Having recently been invited to a high school reunion I have no overwhelming desire to attend, I suppose I was more prepared than most, emotionally, for the reckoning of Anna Odell’s “The Reunion” — I’d already had the film’s particular fantasy wish-fulfillment on my mind for some time. The notion of storming audaciously into a class reunion with an agenda of psychological revenge, as occurs loudly and messily here, is certainly appealing, and it was difficult to watch Odell stage her grand display of retribution without imagining the would-be satisfactions of my own. I mention this because personal resonance is central to “The Reunion”’s appeal: my affection for the film seems in some sense inextricable from the intensity of the memories it wrested out of me, the decade of resentment its spark reignited, and though I recommend it I should probably add that those who don’t relate to its sentiments may not leave quite so affected. What I can say with some certainty is that the film remains true to experiences and feelings I share.
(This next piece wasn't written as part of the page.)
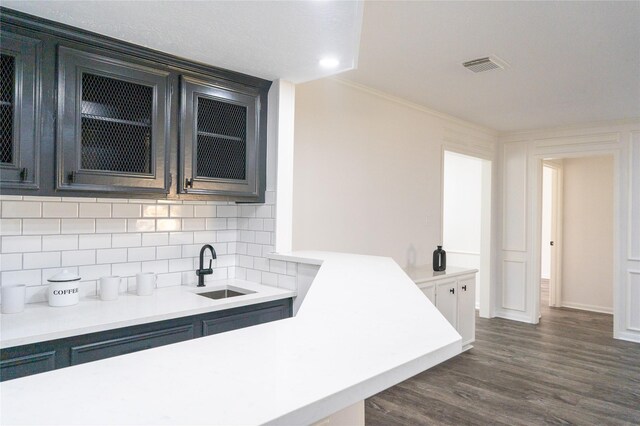 17426 Pinewood Forest Dr, Spring, TX 77379 - bar with a sink, tasteful backsplash, dark wood finished floors, ornamental molding, and baseboards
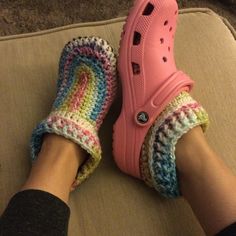 a person's feet wearing crocheted slippers on top of a couch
How much pleasure you derive from that truth strikes me as somewhat more contingent. So let’s defer to a cliche: Your mileage may vary.
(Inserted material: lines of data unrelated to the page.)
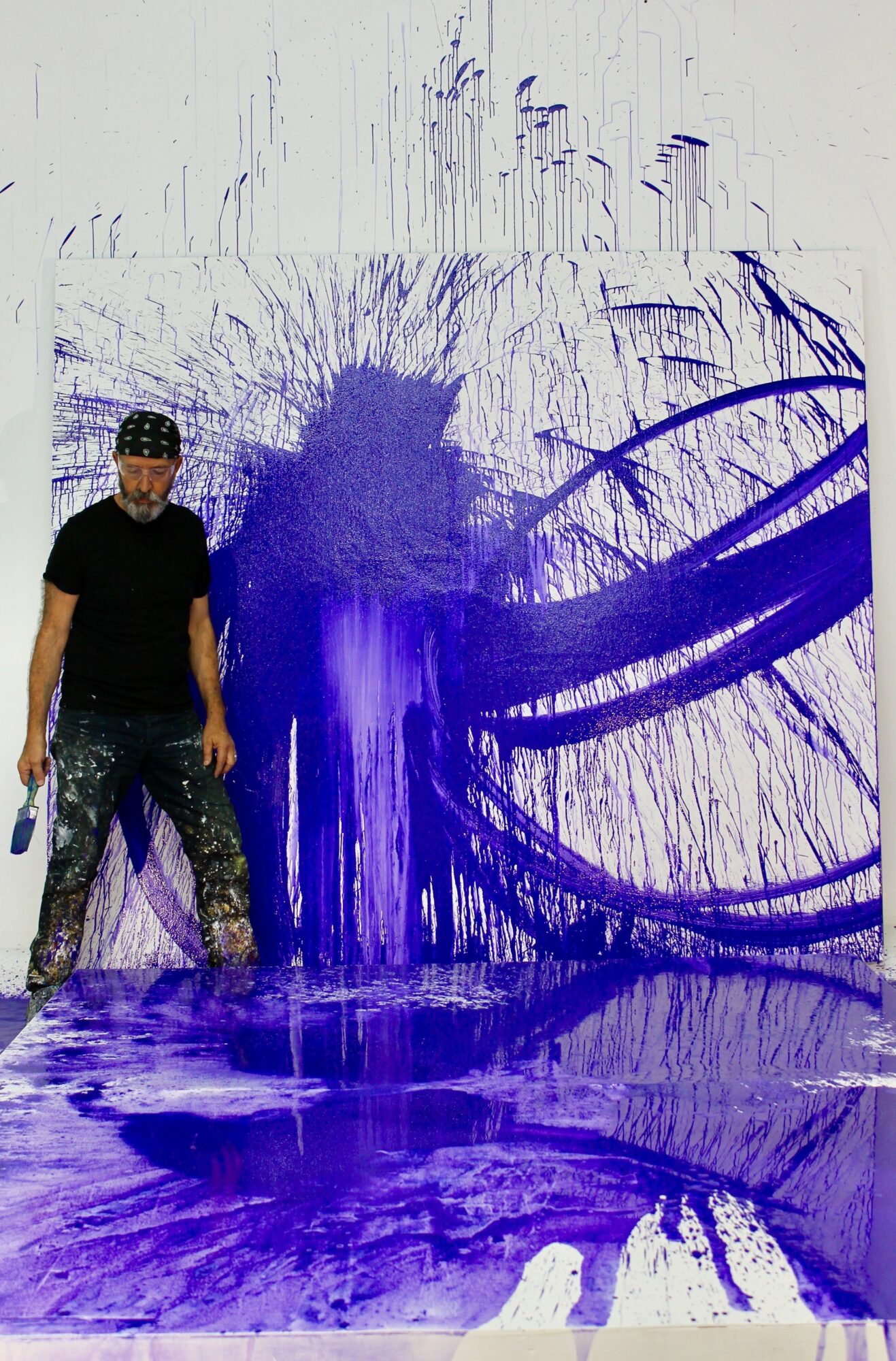 Person standing next to a large abstract purple and blue paint splash on a wall and floor.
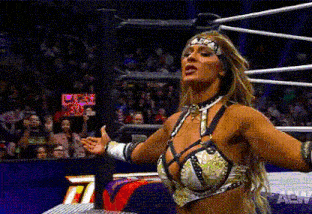 a female wrestler is standing in a wrestling ring with her arms outstretched in front of a crowd .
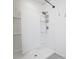 Large walk-in shower with built-in shelving at 613 Greymount St, Davenport, FL 33837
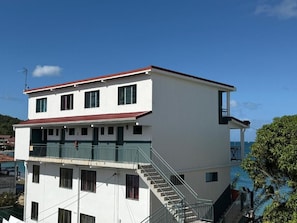 Un edificio de dos pisos con techo rojo, un balcón en el nivel superior y una escalera que conduce hacia arriba.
The vicarious thrills offered by “The Reunion” are on display from the outset. Anna (the writer and director herself, as herself), a well-known Swedish artist and provocateur, arrives late to her twenty-year high school reunion eager to address the crowd with a speech. The virtuoso harangue that follows — part confessional, part confrontation, the lot of it charged with long-harbored animosity —  closely resembles the inciting action of Thomas Vinterberg’s dogme opus “The Celebration”, to which the film has frequently been compared. The key difference is that for Odell, the invective is very much a personal expression: we are bearing witness here to an airing of real grievances, and we are painfully aware throughout that they are being delivered not to the people who matter but to actors meant to embody them. This situation, we sense, is Odell’s private conception of how she relates to the past, an imagined victory she couldn’t realize for real. She tells her classmates that she must do this here and now because there wouldn’t be another opportunity. We understand that it actually goes further: there never was an opportunity. She had to invent one.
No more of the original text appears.